Directions for this task
Write out, word for word, the line that contains "Honiton Hound Show 2016-70" and each line after it down to the last line of the data below. Include nothing more.

Saved entries:
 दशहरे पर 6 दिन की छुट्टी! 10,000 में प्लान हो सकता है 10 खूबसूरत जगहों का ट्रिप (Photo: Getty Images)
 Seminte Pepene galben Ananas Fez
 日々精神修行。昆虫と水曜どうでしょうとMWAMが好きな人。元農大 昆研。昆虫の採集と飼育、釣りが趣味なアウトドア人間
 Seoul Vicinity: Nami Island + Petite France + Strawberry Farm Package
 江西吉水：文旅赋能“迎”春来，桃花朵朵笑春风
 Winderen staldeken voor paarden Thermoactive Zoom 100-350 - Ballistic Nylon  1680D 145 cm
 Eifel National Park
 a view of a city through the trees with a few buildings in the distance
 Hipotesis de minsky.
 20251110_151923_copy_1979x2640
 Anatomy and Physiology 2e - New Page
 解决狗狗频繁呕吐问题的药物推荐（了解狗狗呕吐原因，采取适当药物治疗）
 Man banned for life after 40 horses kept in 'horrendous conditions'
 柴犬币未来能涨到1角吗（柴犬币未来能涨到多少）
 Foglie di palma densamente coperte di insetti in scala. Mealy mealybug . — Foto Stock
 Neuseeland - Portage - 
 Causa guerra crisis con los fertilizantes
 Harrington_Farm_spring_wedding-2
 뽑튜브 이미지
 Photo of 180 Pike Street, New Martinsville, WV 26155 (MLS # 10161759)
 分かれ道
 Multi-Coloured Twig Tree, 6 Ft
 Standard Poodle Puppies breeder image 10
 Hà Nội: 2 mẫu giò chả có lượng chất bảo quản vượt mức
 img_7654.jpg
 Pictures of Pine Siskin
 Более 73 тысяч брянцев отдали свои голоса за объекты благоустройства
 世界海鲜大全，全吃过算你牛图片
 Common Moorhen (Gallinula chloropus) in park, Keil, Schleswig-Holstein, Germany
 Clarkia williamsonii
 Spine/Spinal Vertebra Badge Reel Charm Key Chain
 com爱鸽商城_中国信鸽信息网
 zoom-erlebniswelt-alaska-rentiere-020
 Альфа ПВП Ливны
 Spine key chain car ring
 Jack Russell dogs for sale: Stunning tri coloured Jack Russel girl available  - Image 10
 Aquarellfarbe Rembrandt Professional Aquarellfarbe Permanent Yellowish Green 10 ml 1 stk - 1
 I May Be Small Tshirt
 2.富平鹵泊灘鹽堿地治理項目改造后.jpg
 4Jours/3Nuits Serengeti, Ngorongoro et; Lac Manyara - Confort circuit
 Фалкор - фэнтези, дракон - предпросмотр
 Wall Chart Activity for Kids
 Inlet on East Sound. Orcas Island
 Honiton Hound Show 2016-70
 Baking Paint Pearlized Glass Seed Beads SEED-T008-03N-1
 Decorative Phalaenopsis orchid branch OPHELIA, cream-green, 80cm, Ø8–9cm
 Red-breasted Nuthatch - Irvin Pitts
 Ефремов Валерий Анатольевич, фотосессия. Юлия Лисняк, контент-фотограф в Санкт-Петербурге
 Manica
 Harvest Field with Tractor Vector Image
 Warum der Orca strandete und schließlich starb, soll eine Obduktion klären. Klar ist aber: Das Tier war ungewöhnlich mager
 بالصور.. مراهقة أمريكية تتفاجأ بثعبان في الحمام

Finished task
 Honiton Hound Show 2016-70
 Baking Paint Pearlized Glass Seed Beads SEED-T008-03N-1
 Decorative Phalaenopsis orchid branch OPHELIA, cream-green, 80cm, Ø8–9cm
 Red-breasted Nuthatch - Irvin Pitts
 Ефремов Валерий Анатольевич, фотосессия. Юлия Лисняк, контент-фотограф в Санкт-Петербурге
 Manica
 Harvest Field with Tractor Vector Image
 Warum der Orca strandete und schließlich starb, soll eine Obduktion klären. Klar ist aber: Das Tier war ungewöhnlich mager
 بالصور.. مراهقة أمريكية تتفاجأ بثعبان في الحمام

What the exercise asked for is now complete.